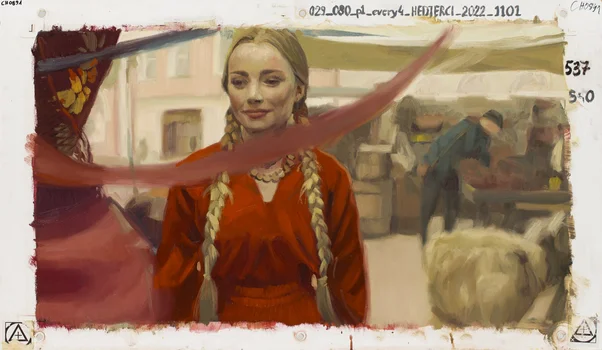 "Chłopi", kadr malarski z filmu, numer CH0891, Gabriela Hedjerci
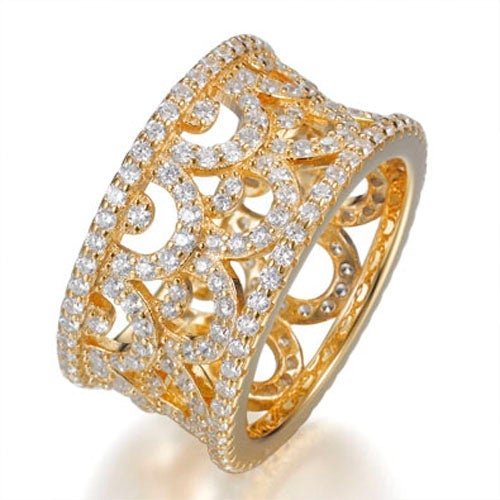 3.40ct Cubic Zirconia Bianca Eternity Ring in 14k Yellow Gold Plated Silver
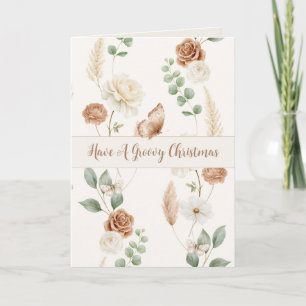 Cartão Boho Creme Floral Borboleta Natal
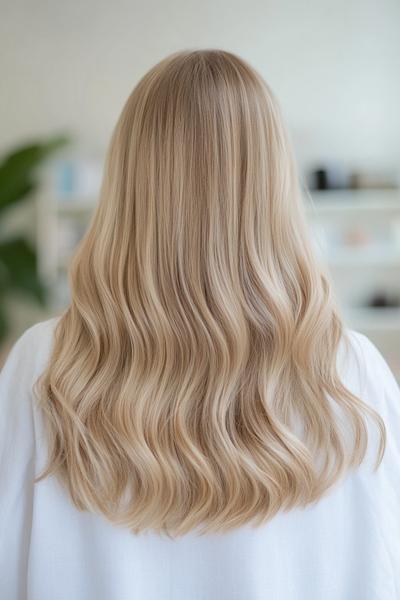 The image shows long, light ash blonde hair styled in loose, soft waves cascading down the back.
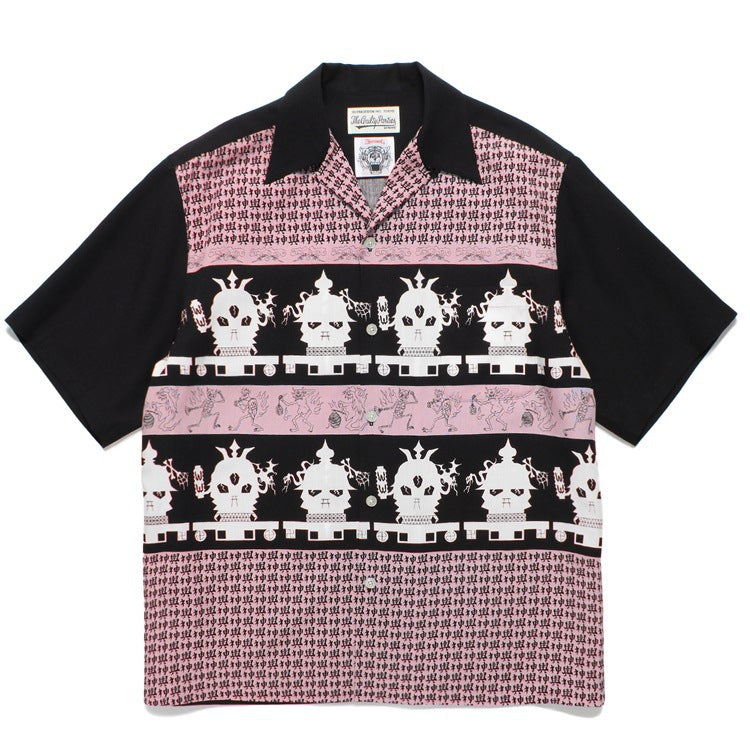 GUILTYPARTIES TIGER Shirts 24ss Shenxing checkered rayon, Hawaiian casual short-sleeved shirt men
★ ★ ★ ★ ★
■ **PROMPT**
From the line containing "3.40ct Cubic Zirconia" to the last line of the records above, return each line exactly, both ends included, and nothing more. Leave out the pictures.

■ **RESPONSE AREA**
 3.40ct Cubic Zirconia Bianca Eternity Ring in 14k Yellow Gold Plated Silver
 Cartão Boho Creme Floral Borboleta Natal
 The image shows long, light ash blonde hair styled in loose, soft waves cascading down the back.
 GUILTYPARTIES TIGER Shirts 24ss Shenxing checkered rayon, Hawaiian casual short-sleeved shirt men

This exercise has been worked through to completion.